Patient demographics included sex and date of birth (month and year), migration procedures (when applicable date of registration as county citizen and date of departure/emigration), and ascribed municipality of residency according to the national classification of Statistics Sweden. Information on race is not available in Sweden by law, and in accordance with the general population characteristics, it was assumed that all patients were of Caucasian origin. ICD-10 codes and therapeutic procedures were retrieved for each individual since 1997 and up to 31 December 2012.
Management of national quality registers
The SCREAM dataset was thereafter sent to the National Board of Health and Welfare, to be linked to the following national quality registers [28]:
The Swedish Prescribed Drug Registry, a nationwide registry instituted in 2005 and collecting information on all prescription drugs dispensed at Swedish pharmacies. This register had complete coverage (>99.7%) of all dispensed drugs. It also contains information on the practice (primary health care centre or clinic) and profession/medical specialty of the prescriber. Drugs were reported by their generic names as well as active principle ATC codes, together with the number of defined daily doses dispensed and the costs (both reimbursed expenditure and patient co-payment). Information on actual prescribed dosage was available as unstructured text. This register did not contain information on over-the-counter pharmaceuticals, nor ambulatory or in-hospital care drugs given at hospitals. Neither did it completely cover drugs used at nursing homes or vaccines [29]. Drug dispensing data were requested for each individual since 2006 and up to 31 December 2012.
The Swedish Population Registry recorded, on a monthly basis, information on vital status for each Swedish citizen with virtually no loss to follow-up. In case of death, the reported cause of death was recorded as well. Vital status information was requested for each individual from inclusion in SCREAM up to 31 December 2012.

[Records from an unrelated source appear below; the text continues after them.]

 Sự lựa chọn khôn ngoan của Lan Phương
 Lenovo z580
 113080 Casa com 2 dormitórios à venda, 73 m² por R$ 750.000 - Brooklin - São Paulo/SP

The Longitudinal Integration Database for Health Insurance and Labour Market Studies (LISA by Swedish acronym) (http://www.scb.se/en_/Services/Guidance-for-researchers-and-universities/SCB-Data/Longitudinal-integration-database-for-health-insurance-and-labour-market-studies-LISA-by-Swedish-acronym/.eng) combined information from several sociodemographic population registers. Variables included country of birth, educational level, occupational status and income level. All Swedish citizens older than 16 years residing in Sweden as of 31 December were registered and the information was updated on a yearly basis.
The Swedish Renal Registry [30] included Swedish patients referred to a nephrologist and diagnosed with CKD. Inclusion was encouraged to all hospitals from CKD Stage 3b and considered mandatory from the first diagnosis of CKD Stage 4. Information from patient visits during the non-dialysis phase and until renal replacement therapy start (first chronic dialysis or renal transplantation) was collected, with additional data collection on primary kidney disease, laboratory tests (such as uric acid) and in-hospital provided drugs to treat kidney diseases. Upon start of dialysis, a patient visit was recorded annually detailing in addition dialysis modality and specifications (dialysis dose, fistula/graft, etc.). Information from this registry was requested since its establishment in 1999 up to 31 December 2012.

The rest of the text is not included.